Problem details:
Copy every line from the records below that holds the word "view".

Data in this exercise:
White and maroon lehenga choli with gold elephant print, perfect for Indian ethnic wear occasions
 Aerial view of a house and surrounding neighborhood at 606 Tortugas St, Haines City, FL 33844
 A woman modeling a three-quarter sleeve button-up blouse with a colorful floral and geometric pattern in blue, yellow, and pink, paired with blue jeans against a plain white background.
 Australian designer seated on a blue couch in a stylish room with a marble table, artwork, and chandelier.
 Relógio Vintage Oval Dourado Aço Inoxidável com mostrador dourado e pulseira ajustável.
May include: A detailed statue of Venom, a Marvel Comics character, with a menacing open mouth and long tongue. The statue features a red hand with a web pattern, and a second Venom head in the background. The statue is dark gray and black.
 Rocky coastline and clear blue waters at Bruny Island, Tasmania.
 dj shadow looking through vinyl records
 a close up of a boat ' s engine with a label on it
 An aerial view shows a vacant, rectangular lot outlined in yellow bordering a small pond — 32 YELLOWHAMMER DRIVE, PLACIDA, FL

Answer for this exercise:
 Aerial view of a house and surrounding neighborhood at 606 Tortugas St, Haines City, FL 33844
 An aerial view shows a vacant, rectangular lot outlined in yellow bordering a small pond — 32 YELLOWHAMMER DRIVE, PLACIDA, FL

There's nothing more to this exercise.